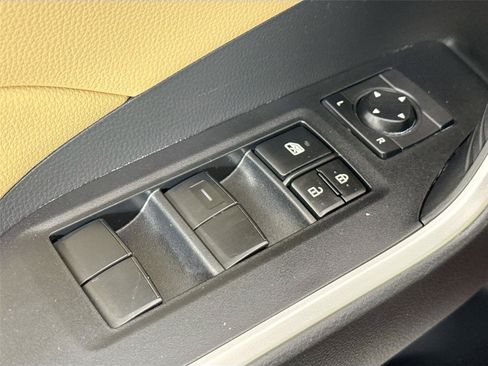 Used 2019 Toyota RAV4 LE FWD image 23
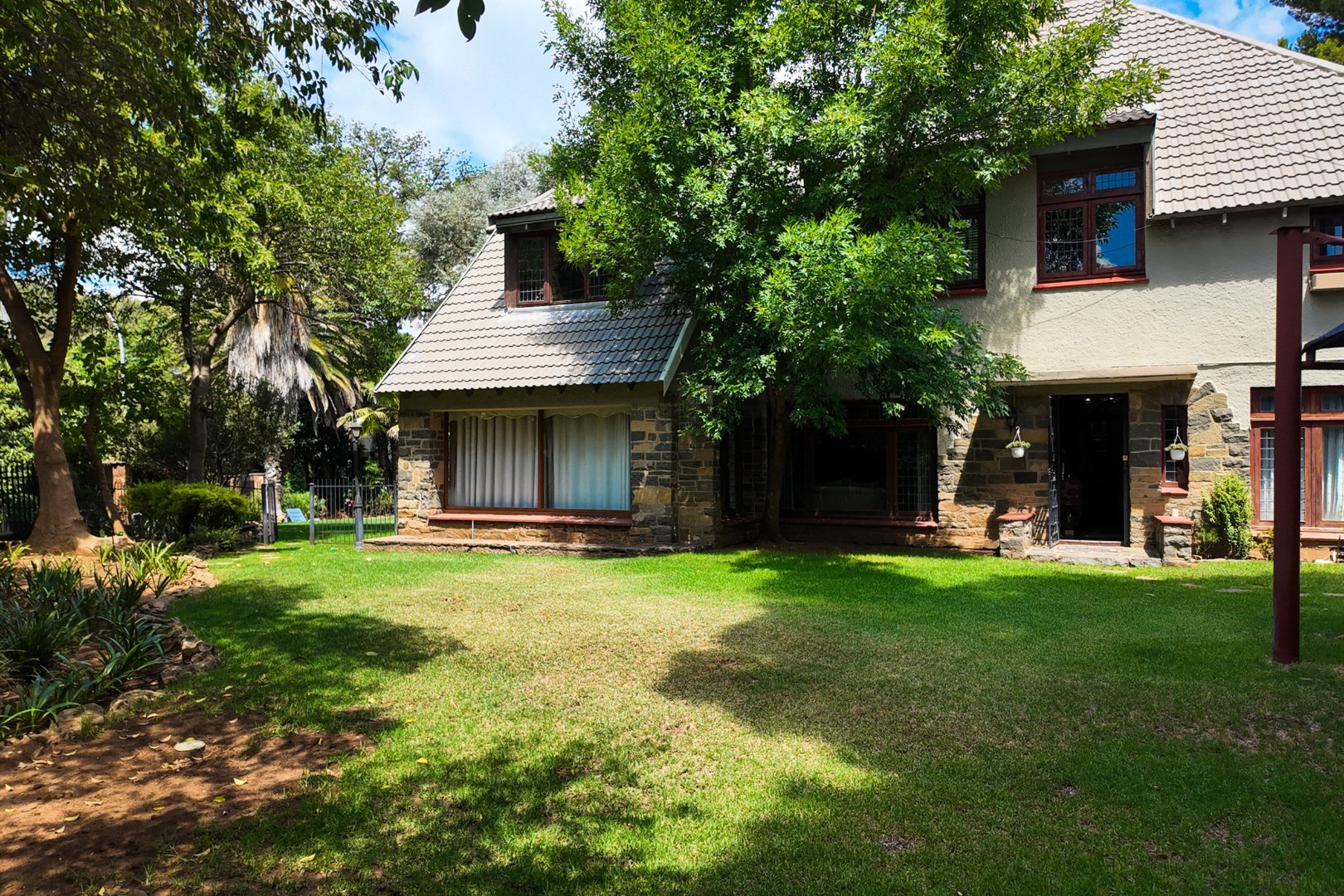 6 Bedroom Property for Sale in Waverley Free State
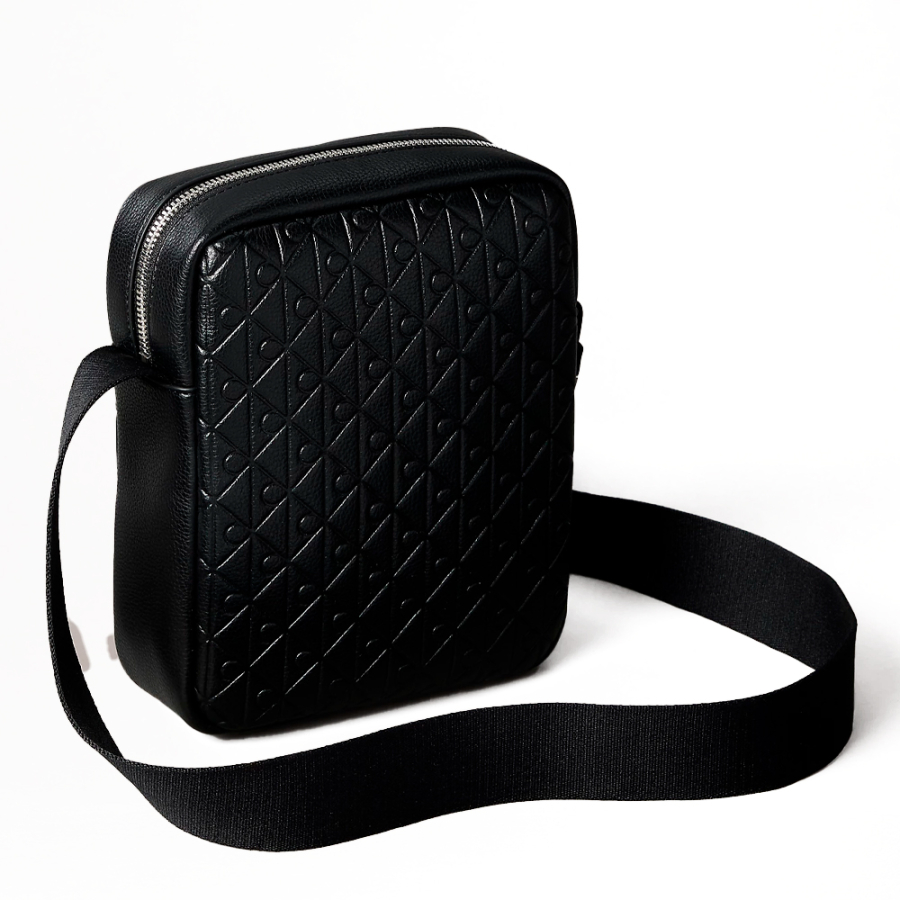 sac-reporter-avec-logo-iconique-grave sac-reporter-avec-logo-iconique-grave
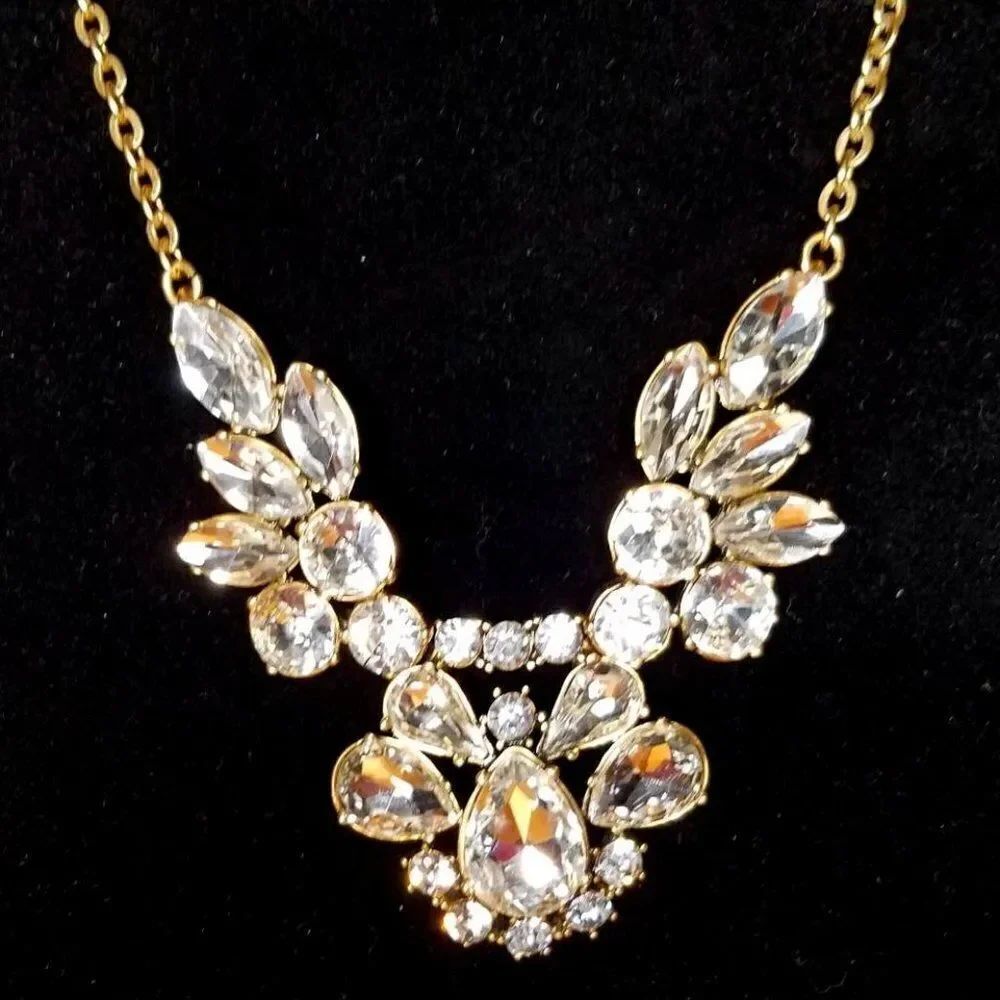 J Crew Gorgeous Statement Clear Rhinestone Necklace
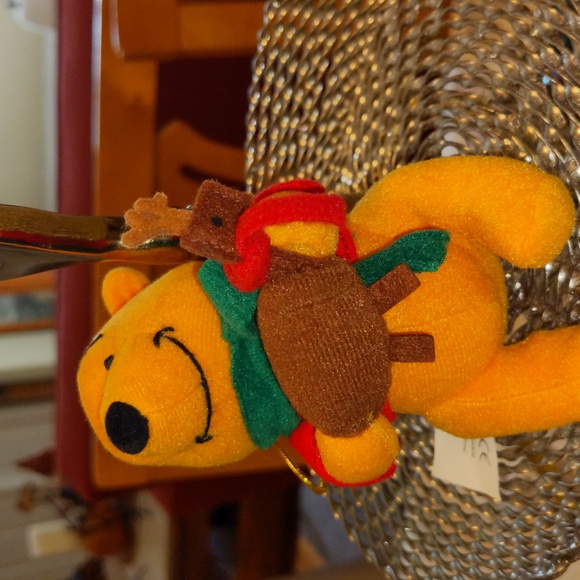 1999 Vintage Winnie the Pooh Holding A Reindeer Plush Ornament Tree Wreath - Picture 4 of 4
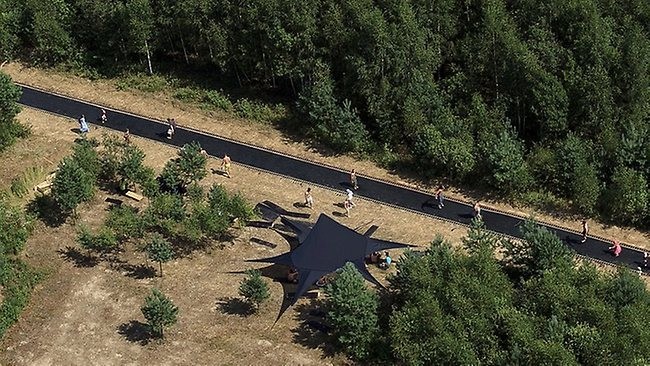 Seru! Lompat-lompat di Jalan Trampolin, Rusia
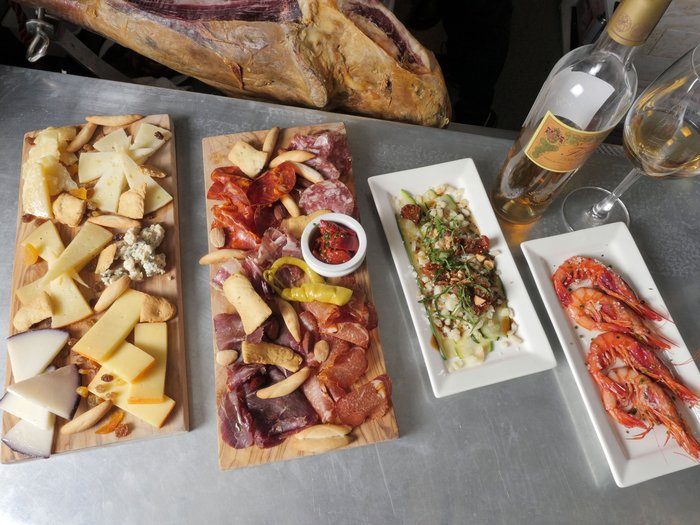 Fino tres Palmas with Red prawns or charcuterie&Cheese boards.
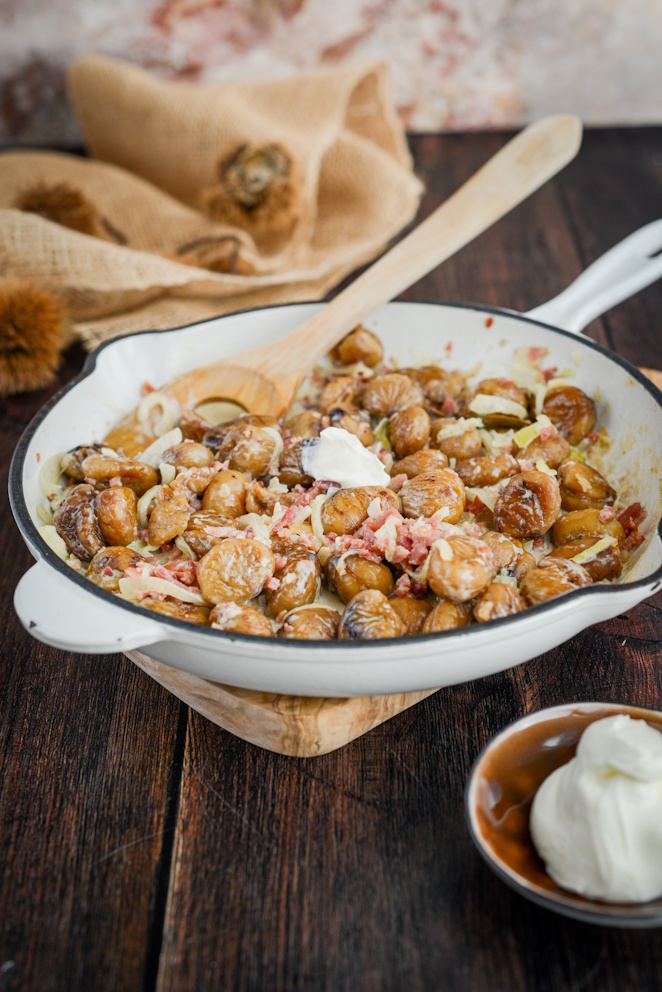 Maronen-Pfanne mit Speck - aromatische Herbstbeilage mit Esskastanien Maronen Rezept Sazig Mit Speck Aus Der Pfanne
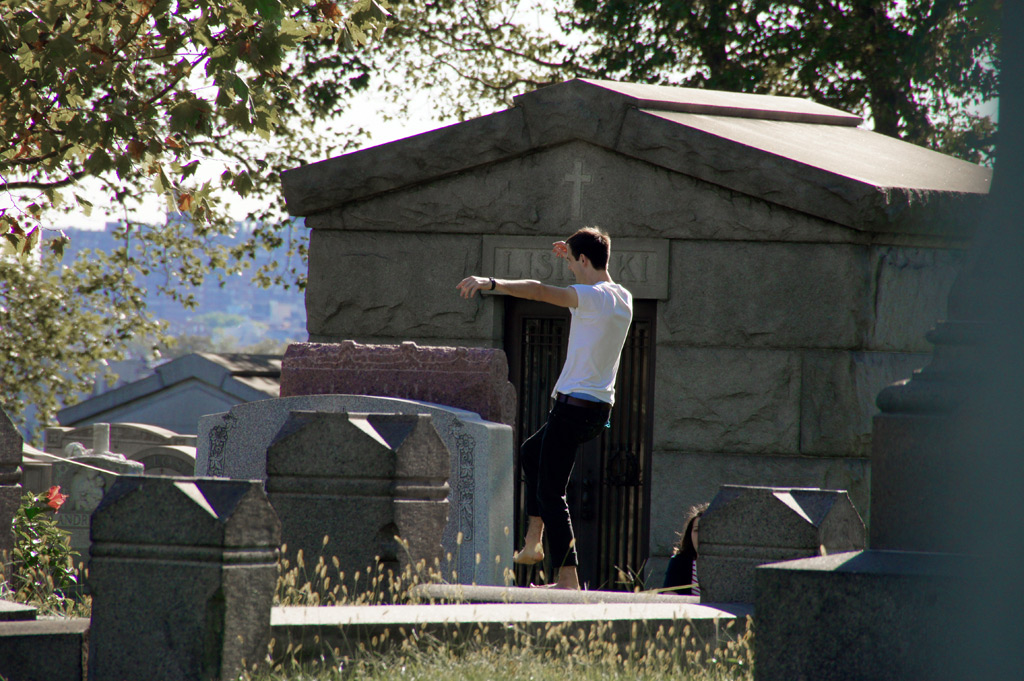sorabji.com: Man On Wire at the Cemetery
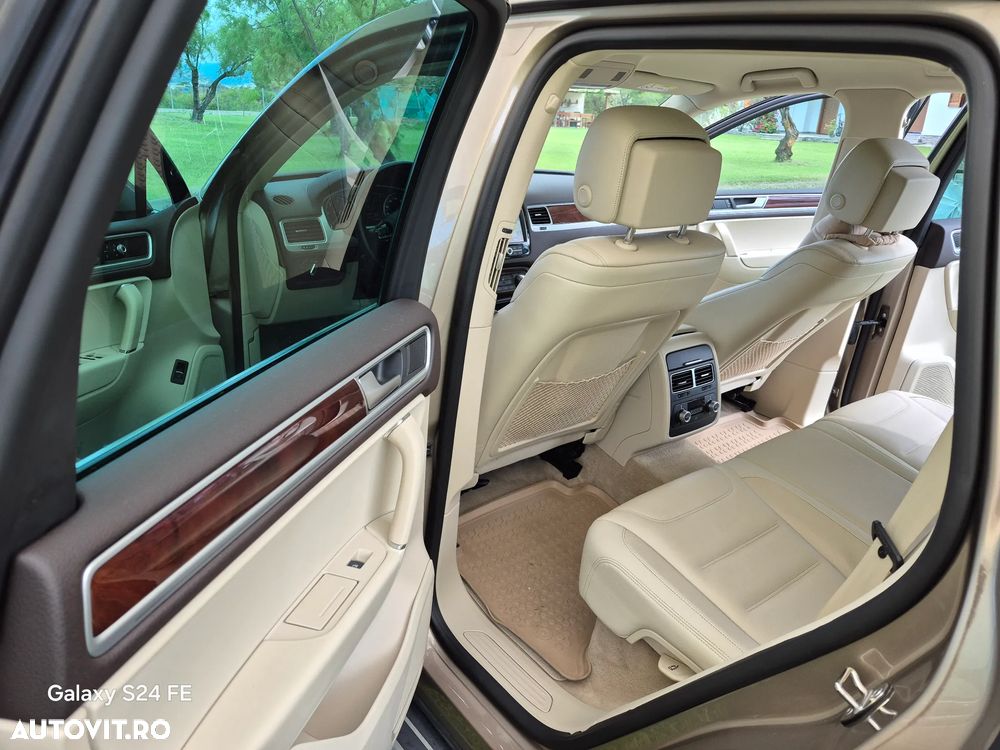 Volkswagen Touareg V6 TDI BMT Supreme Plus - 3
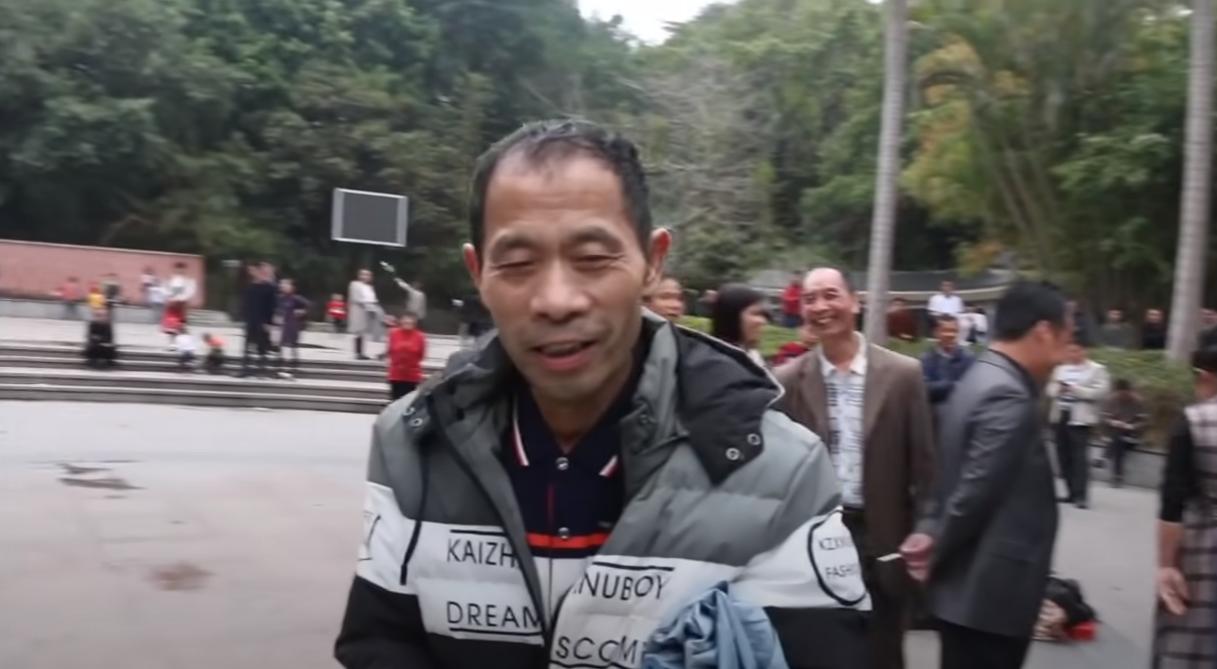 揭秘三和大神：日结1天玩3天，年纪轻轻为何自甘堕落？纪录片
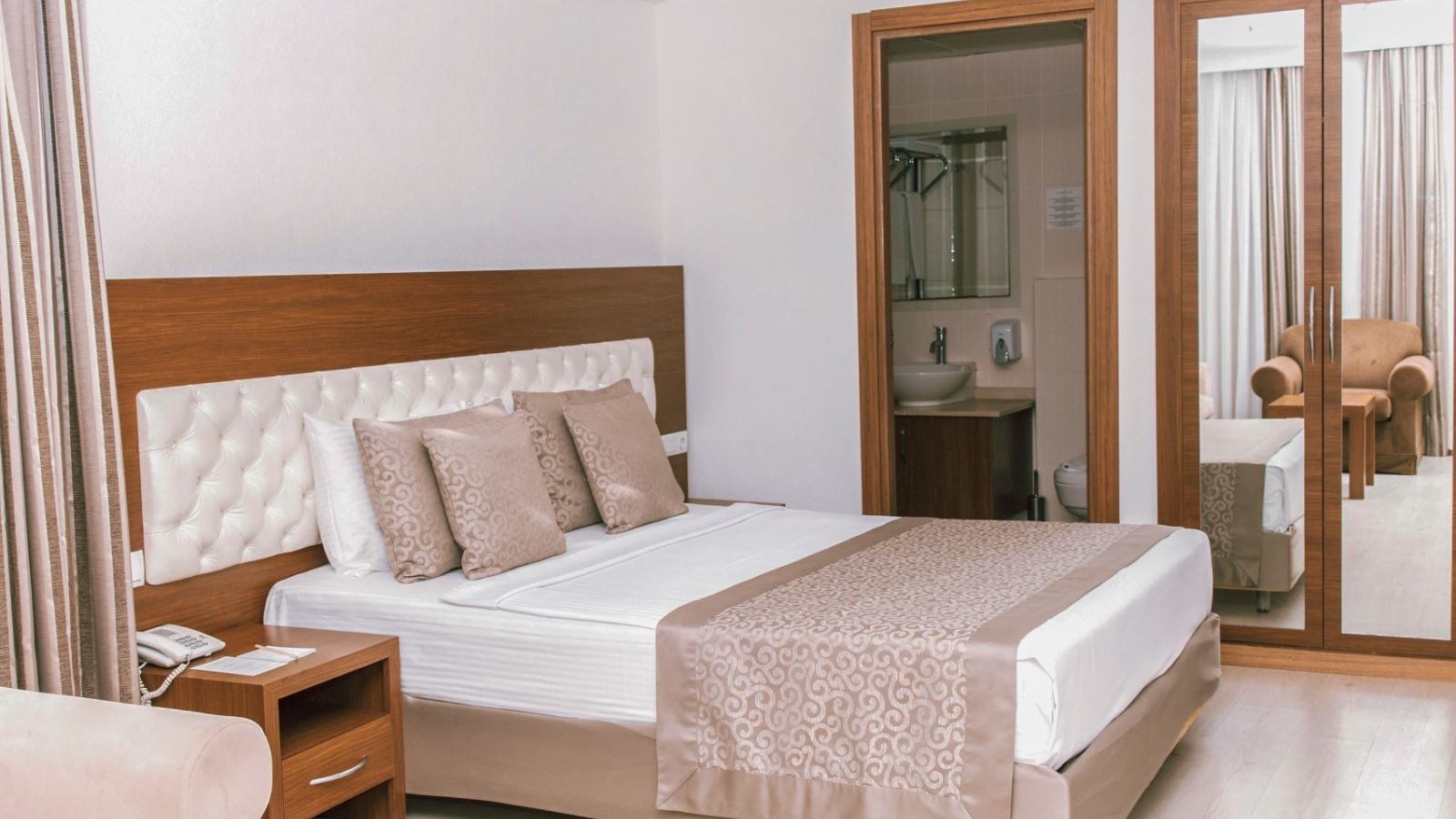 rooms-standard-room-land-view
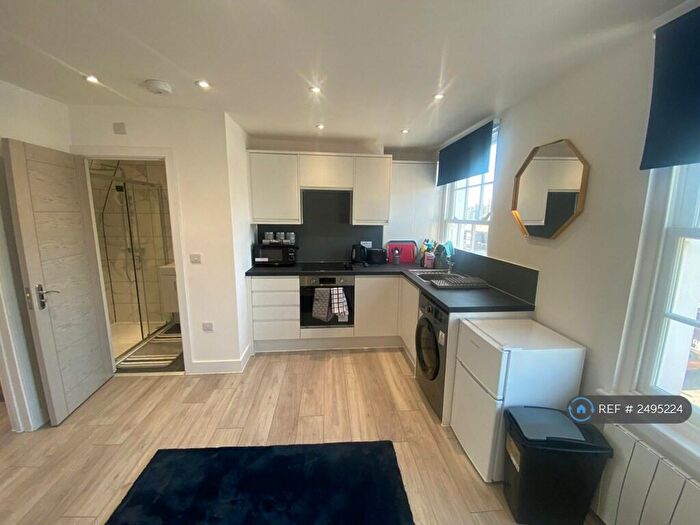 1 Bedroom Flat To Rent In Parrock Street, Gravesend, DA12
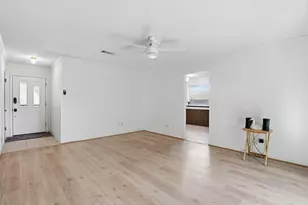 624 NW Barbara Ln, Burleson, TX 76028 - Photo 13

________________

*GOAL OF THE EXERCISE:* Would you copy out every entry above word for word, without the pictures?

*SOLUTION TO THIS TASK:*
 Used 2019 Toyota RAV4 LE FWD image 23
 6 Bedroom Property for Sale in Waverley Free State
 sac-reporter-avec-logo-iconique-grave sac-reporter-avec-logo-iconique-grave
 J Crew Gorgeous Statement Clear Rhinestone Necklace
 1999 Vintage Winnie the Pooh Holding A Reindeer Plush Ornament Tree Wreath - Picture 4 of 4
 Seru! Lompat-lompat di Jalan Trampolin, Rusia
 Fino tres Palmas with Red prawns or charcuterie&Cheese boards.
 Maronen-Pfanne mit Speck - aromatische Herbstbeilage mit Esskastanien Maronen Rezept Sazig Mit Speck Aus Der Pfanne
sorabji.com: Man On Wire at the Cemetery
 Volkswagen Touareg V6 TDI BMT Supreme Plus - 3
 揭秘三和大神：日结1天玩3天，年纪轻轻为何自甘堕落？纪录片
 rooms-standard-room-land-view
 1 Bedroom Flat To Rent In Parrock Street, Gravesend, DA12
 624 NW Barbara Ln, Burleson, TX 76028 - Photo 13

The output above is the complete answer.